Opening a new restaurant (i.e, Chinese restaurant) is often an immmigrant/resident's dream and could become their main/only source of income. As with any business decision, opening a new restaurant requires serious consideration of many complex factors. Specifically, it is critical for the owner to accurately predict the best location to establish the restaurant to ensure the long-term success of the business. One of the key considerations in deciding on a location could be looking at where the other Chinese restaurants are located in the city.

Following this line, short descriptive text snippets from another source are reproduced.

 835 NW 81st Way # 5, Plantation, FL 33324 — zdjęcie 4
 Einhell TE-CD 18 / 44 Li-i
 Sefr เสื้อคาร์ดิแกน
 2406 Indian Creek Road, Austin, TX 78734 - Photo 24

### 1.2 Problem / Objective: ###

The objective of this project is to analyze and pick the best locations to open a new Chinese restaurant in Toronto. Factors critical in determining the best location to open a Chinese restaurant could include:

- Boroughs/neighbourhoods with the highest/lowest number of similar restaurants
- Boroughs/neighbourhoods with the highest rated and lowest rated Chinese retaurants
- Average cost of chinese dishes by Borough/neighbourhood

Applying data science methodologies on Foursquare location data, the project aims to provide solutions to the following question: __Where should a new business owner look to open a Chinese restaurant in the city of Toronto?__

### 1.3 Target Audience / Interested Parties: ###

The main stakeholder/target audience would be the business owner who is looking to make his/her main/only source of income by establishing a new Chinese restaurant at an optimal location. Other interested parties include residents and new immigrants who want to try out a new Chinese restaurant/make this their regular dining out spot, tourists who come from all over the world to dine at the best Toronto restaurants, essentially everyone who likes Chinese food/is interested in trying out Chinese food.

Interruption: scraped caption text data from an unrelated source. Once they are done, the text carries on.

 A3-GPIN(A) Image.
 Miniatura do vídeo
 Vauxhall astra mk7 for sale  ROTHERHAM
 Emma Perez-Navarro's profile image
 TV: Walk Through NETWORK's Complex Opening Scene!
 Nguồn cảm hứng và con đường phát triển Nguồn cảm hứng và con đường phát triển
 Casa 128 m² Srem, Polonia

## 2.0 Data Description / Data Sources##

Data required for this project includes:

- List of boroughs/neighbourhoods in Toronto, as the location of the project is confined to the city of Toronto in the country of Canada (Wikipedia)
- Latitude and longtitude coordinates of these boroughs. This is required to plot the map as well as retrive the venue data (Geocoder package on Python)
- Venue data, specifically data related to Chinese restaurants. This data will be used to get a list of Chinese restaurants in different neighbourhoods (Foursquare)

Sources of data and methods for extraction: 

- A list of boroughs/neighbourhoods in Toronto sorted by postcode can be found on Wikipedia (https://en.wikipedia.org/wiki/List_of_postal_codes_of_Canada:_M). To extract the data, Python has built-in functions to turn the data into table form. 
- Then the Python Geocoder package will be used to get the geographical coordinates (latitude and longtitude coordinates) of the neighbourhoods.
- The Foursquare API will then be used to get the venue data for the neighbourhoods. The Foursquare API can provide many categories of venue data but my area of interest is in the Chinese restaurants category.

## 3.0 Methodology##


### Step 1: import the neighbourhood data into a dataframe ###

In this step, I web scrapped Wikipedia into a dataframe containing postcode, borough and neighbourhood info for the city of Toronto which is one of my main data sources.

In [116]:
import pandas as pd
from bs4 import BeautifulSoup
import requests

source = requests.get('https://en.wikipedia.org/wiki/List_of_postal_codes_of_Canada:_M').text
soup = BeautifulSoup(source,'lxml')

In [5]:
table = soup.find('table')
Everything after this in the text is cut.